Now, what St. Paul states about all men, the Church, in her infallible teaching, says of Mary, in a precise way and meaning: the Mother of God is inserted to such a degree in the mystery of Christ that she shares in the resurrection of her Son with her whole being already at the end of her earthly life, she lives what we hope for at the end of time when death, "the last enemy," will be destroyed (cf. 1 Corinthians 15:26); she already lives what we proclaim in the Creed "I look for the resurrection of the dead and the life of the world to come."

Hence, we can ask ourselves: What are the roots of this victory over death anticipated miraculously in Mary? The roots are in the faith of the Virgin of Nazareth, as attested in the passage of the Gospel we heard (Luke 1:39-56): a faith that is obedience to the Word of God and total abandonment to divine initiative and action, according to what the archangel announces to her. Faith, hence, is Mary's greatness, as Elizabeth joyfully proclaims: Mary is "blessed among women," "blessed is the fruit of her womb" because she is "the mother of the Lord," because she believes and lives in a unique way the "first" of the beatitudes, the beatitude of faith. Elizabeth confesses it in her joy and that of the child who leaps in her womb: "And blessed is she who believed that there would be a fulfillment of what was spoken to her from the Lord" (vs. 45).

Dear friends! Let us not limit ourselves to admire Mary in her glorious destiny, as a person who is far from us: no! We are called to see what the Lord, in his love, also willed for us, for our final destiny: to live through faith in perfect communion of love with him and thus to truly live.

In this connection, I would like to pause on an aspect of the dogmatic affirmation, where it speaks of assumption to heavenly glory. All of us are conscious today that with the term "heaven," we do not refer to some place in the universe, to a star or something similar: no. We refer to something much bigger and more difficult to define with our limited human concepts. With this term "heaven," we mean to affirm that God, the God who has made himself close to us, does not abandon us, not even in death and beyond it, but that he has a place for us and he gives us eternity; we want to affirm that there is a place for us in God. To understand this reality somewhat more, let us look at our own life: We all know that when a person dies he continues to subsist in the memory and the heart of those who knew and loved him. We could say that a part of that person continues to live in them, but it is as a "shadow" because this survival in the heart of his loved ones is also destined to end. God instead never passes and all of us exist because of his love. We exist because he loves us, because he has thought of us and called us to life. We exist in the thoughts and love of God. We exist in all our reality, not only in our "shadow." Our serenity, our hope, our peace are founded precisely on this: on God, on his thought and on his love, it is not only a "shadow" of ourselves that survives, but that in him, in his creative love, we are kept and introduced with our whole life, with our whole being into eternity.

It is his love that conquers death and gives us eternity, and it is this love that we call "heaven": God is so great that he also has a space for us.
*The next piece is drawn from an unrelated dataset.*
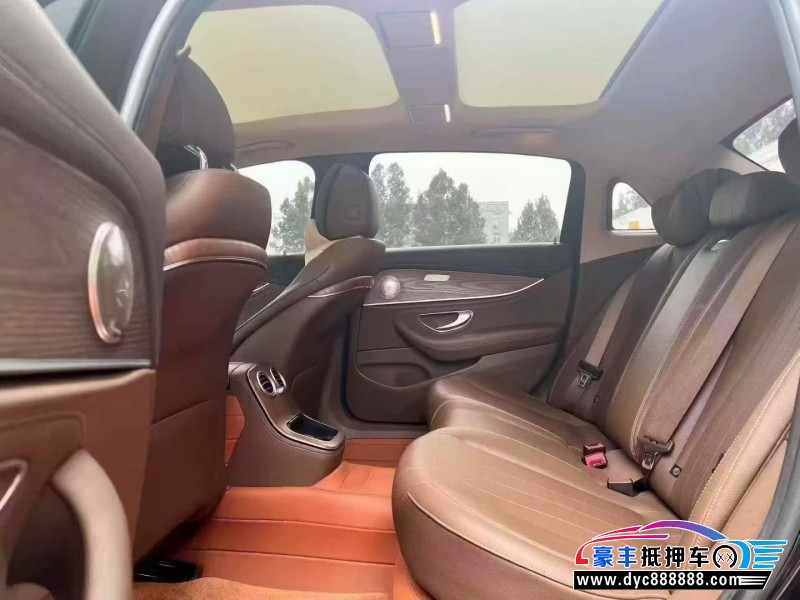 21年奔驰E轿车抵押车出售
And the man Jesus, who is at the same time God, is for us the guarantee that being-man and being-God can exist and live eternally in one another. This means that each one of us will not continue existing only in a part that has been, so to speak, wrenched from us, while the rest is ruined; it means rather that God knows and loves the whole man, what we are. And God receives in his eternity what now, in our life, made up of suffering and love, of hope, of joy and sadness, grows and comes to be. The whole man, the whole of his life is taken by God and, purified in him, receives eternity.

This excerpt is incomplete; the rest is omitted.